Well he still gave his life either way, and if the whole point was to buy time for the Resistance to escape then that wouldn't have worked too well if he were obliterated by the AT-ATs in the first few seconds of his big showdown with Kylo. He's not invincible after all, and I doubt even Yoda would have been able to withstand an attack like that.
As for it being aspirational to a new generation, it's still the legendary Luke Skywalker sacrificing himself in a showdown with the entire First Order, and using the most epic Jedi Mind Trick ever to make them look like complete fools so that the Resistance would have time to escape and live on. Which seems like a pretty badass move to me.
To be fair - he only stood (well, virtually at least) in front of the ATATs
because he wasn't really there. If he actually showed up, he would be stupid to do that.
And those Resistance people watching didn't watch "the legendary Luke Skywalker sacrificing himself in a showdown with the entire First Order" - it was all just a trick. There was no showdown (and that was the subversion RJ wanted) - actual bravery was set aside for cleverness, and Luke only "sacrificed" - ie died - because he was stupid (*see below.)
And it doesn't make the First order look like fools - because the whole Resistance is standing there watching all ga-ga as well (until it's randomly suggested it's a ruse.) Luke looks 100% real so not sure how something so convincing makes the FO look stupid.
And because the whole "holo-projection can kill you" idea is so poorly set up, we have no real context to how much "sacrifice" Luke really made, or how brave he was to do it.

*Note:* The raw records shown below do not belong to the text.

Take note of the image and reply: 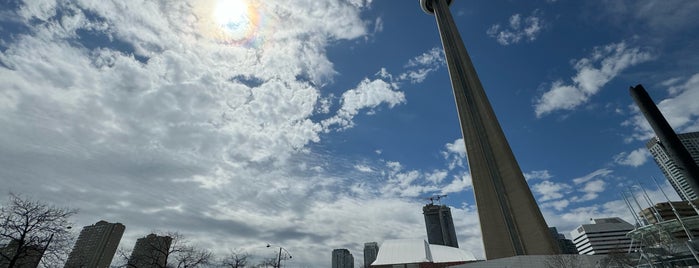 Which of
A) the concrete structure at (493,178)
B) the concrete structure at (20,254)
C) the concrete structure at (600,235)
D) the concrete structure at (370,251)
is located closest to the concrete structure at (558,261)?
the concrete structure at (493,178)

I mean it's silly that the inference is the longer you do the projection (or the further you project?) the more deadly it becomes for the user - but then why does he stop to have a long casual chat with Leia if he's inching closer to death with every second? This just makes no sense, yet its how we're supposed to judge Luke's final act.
*Wouldn't Luke behave as if he was holding his breath underwater? Like
every second counts. So why stop to have a chat? And why not tell Leia what his plan is? Why not tell the Resistance people up front so they could make a run for it as soon as he walked out to face the FO instead of having them watch like idiots, wasting valuable time? If he had done all this, he might have been able to do the trick, save everyone AND STILL SURVIVE!
So it's not even the Crait sequence itself, but the whole lead-up and context being so totally unclear and contradictory (in terms of rules that help us understand what's happening and the stakes) that makes it so problematic. And that's before you consider that this force-projection idea unravels many aspects of the OT (like why Ben, Vader and Yoda never did it when they could/should have,) just like the TLJ lightspeed-as-weapon inconsistency that gets SOOO much play on youtube.
I dunno - I think the best way to approach the Crait ending in TLJ is to turn the sound down, blur your eyes and thinking a bit and just enjoy the visuals - then it works. Luke facing ATATs, scuffle with a bad guy in black, bad guy outsmarted, good people escaping, meditating Luke dies before twin suns. And we got our good death for Luke.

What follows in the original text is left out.